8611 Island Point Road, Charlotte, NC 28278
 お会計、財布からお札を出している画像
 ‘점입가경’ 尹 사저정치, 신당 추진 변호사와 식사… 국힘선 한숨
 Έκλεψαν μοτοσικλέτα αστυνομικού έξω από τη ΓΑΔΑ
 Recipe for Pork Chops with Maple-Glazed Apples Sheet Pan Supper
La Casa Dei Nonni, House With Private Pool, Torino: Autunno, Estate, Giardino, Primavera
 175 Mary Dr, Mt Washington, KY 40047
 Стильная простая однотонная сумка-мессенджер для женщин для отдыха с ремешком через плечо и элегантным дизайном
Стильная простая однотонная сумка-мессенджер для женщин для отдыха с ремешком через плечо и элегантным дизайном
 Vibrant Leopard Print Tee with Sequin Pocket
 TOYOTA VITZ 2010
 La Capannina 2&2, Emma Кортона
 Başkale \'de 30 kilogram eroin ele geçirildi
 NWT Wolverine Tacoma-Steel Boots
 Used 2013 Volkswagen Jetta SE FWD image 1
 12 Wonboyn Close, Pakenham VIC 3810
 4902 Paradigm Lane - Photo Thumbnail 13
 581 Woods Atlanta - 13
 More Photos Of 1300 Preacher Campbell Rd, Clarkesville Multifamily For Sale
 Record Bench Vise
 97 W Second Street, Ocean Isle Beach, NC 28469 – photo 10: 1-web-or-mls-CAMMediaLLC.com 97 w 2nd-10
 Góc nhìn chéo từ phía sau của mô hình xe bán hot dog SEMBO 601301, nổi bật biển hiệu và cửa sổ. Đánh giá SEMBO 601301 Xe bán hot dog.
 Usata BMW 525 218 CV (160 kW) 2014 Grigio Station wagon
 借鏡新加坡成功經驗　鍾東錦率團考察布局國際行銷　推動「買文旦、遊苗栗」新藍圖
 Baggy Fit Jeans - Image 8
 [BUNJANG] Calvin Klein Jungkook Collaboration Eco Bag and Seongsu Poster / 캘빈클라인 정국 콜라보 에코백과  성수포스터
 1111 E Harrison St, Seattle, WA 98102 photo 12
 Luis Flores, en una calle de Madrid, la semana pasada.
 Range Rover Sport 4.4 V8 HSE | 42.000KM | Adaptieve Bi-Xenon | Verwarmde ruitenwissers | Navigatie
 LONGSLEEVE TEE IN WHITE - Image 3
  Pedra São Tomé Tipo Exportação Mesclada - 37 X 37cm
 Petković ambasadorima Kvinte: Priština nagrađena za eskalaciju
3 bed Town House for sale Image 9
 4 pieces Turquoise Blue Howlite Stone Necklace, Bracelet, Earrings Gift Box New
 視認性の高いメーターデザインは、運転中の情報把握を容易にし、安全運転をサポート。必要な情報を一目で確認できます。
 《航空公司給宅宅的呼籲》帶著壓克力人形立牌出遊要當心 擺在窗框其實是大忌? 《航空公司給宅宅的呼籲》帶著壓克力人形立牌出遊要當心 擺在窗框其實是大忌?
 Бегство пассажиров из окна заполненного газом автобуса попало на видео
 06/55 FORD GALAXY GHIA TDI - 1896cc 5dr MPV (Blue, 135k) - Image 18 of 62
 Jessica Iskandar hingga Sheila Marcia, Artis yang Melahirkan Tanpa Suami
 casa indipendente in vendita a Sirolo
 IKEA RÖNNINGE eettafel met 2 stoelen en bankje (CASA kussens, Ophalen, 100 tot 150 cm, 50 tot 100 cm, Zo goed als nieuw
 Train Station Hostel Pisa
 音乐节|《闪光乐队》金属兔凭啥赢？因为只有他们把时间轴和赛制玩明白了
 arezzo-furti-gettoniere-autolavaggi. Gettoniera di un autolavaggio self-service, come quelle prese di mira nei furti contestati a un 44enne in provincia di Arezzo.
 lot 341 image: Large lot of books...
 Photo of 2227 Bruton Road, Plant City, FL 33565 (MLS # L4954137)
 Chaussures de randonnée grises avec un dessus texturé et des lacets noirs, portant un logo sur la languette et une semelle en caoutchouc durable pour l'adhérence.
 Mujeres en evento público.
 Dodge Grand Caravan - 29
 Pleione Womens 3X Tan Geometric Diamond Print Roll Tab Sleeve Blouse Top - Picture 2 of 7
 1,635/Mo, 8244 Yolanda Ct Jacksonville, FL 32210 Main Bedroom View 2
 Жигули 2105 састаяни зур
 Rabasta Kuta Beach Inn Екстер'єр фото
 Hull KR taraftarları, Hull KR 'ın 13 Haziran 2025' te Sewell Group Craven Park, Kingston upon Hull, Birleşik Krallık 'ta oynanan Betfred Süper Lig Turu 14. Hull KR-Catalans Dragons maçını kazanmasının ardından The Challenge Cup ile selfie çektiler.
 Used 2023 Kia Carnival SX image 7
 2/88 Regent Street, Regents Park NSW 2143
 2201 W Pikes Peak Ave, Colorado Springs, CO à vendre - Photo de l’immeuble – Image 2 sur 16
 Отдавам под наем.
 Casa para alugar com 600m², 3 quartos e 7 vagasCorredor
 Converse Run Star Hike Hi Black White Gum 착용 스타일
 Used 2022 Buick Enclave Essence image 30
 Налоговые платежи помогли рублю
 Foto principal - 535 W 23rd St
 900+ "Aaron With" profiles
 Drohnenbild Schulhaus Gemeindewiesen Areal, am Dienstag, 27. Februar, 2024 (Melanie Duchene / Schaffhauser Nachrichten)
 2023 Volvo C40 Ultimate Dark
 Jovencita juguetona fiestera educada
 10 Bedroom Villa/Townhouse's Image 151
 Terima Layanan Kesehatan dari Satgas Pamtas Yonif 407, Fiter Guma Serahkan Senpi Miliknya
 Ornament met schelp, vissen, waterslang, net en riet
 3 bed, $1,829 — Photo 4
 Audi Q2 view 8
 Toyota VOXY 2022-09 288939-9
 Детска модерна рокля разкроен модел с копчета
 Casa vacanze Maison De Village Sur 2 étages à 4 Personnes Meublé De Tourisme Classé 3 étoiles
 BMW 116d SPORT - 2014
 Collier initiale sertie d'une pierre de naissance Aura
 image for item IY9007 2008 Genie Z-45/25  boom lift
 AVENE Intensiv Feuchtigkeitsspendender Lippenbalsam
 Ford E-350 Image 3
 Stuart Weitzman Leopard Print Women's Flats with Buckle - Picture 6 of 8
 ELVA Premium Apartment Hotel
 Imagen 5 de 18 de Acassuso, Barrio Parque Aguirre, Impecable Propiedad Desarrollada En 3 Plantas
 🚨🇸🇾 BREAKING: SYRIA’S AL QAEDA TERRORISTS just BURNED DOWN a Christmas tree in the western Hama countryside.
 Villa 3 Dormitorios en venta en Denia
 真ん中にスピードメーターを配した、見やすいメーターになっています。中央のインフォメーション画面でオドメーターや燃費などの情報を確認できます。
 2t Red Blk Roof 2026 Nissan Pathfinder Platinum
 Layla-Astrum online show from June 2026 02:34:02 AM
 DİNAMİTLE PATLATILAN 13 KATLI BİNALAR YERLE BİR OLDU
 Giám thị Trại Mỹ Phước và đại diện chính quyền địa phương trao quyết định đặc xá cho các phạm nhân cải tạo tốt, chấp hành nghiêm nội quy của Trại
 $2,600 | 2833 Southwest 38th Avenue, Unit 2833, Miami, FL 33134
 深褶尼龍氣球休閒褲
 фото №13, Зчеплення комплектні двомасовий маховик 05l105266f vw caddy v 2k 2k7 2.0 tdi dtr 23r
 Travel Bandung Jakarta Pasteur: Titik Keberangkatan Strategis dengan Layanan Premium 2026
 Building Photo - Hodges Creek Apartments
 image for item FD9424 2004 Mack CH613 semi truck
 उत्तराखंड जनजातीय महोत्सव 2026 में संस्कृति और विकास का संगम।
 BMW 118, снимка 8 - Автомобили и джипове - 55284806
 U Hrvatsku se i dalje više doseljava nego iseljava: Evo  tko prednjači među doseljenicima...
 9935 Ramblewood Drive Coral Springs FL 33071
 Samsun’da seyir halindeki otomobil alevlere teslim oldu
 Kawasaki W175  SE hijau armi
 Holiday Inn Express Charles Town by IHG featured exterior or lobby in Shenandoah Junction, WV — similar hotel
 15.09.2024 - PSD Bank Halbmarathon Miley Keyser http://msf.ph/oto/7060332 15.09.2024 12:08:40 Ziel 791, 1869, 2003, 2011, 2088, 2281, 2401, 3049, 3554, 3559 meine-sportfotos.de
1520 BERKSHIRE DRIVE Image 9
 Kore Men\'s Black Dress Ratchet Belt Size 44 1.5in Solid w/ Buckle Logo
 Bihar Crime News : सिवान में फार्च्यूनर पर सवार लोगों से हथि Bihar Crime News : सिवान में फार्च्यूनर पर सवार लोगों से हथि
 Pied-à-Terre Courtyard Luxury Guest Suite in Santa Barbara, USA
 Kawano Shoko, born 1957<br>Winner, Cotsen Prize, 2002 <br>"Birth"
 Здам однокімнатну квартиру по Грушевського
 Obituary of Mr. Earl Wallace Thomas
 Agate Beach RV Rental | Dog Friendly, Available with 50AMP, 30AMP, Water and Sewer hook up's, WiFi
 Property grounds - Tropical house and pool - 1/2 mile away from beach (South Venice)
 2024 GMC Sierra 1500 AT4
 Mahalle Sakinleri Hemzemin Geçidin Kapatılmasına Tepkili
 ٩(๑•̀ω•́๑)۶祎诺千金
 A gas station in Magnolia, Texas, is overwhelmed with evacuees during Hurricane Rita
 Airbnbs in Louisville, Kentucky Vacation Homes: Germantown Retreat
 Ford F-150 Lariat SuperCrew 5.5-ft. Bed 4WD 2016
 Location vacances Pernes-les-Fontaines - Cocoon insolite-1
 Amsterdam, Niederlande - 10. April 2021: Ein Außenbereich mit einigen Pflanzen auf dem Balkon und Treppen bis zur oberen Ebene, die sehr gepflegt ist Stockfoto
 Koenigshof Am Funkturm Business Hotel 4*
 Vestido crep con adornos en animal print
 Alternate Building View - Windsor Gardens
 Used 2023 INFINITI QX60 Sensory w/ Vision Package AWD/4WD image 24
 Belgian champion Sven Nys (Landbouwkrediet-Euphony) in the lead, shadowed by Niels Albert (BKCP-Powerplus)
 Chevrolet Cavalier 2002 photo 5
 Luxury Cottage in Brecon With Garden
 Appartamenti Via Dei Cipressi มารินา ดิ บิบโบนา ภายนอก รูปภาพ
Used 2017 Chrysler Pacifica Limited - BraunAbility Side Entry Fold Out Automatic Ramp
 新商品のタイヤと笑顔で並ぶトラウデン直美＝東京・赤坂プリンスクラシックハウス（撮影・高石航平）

* * * * * * * * *

■ **WHAT THE EXERCISE ASKS**: From the first line of the records through the line with "175 Mary Dr, Mt Washington, KY 40047", retype everything word for word, including both ends.

■ **RESPONSE AREA**:
8611 Island Point Road, Charlotte, NC 28278
 お会計、財布からお札を出している画像
 ‘점입가경’ 尹 사저정치, 신당 추진 변호사와 식사… 국힘선 한숨
 Έκλεψαν μοτοσικλέτα αστυνομικού έξω από τη ΓΑΔΑ
 Recipe for Pork Chops with Maple-Glazed Apples Sheet Pan Supper
La Casa Dei Nonni, House With Private Pool, Torino: Autunno, Estate, Giardino, Primavera
 175 Mary Dr, Mt Washington, KY 40047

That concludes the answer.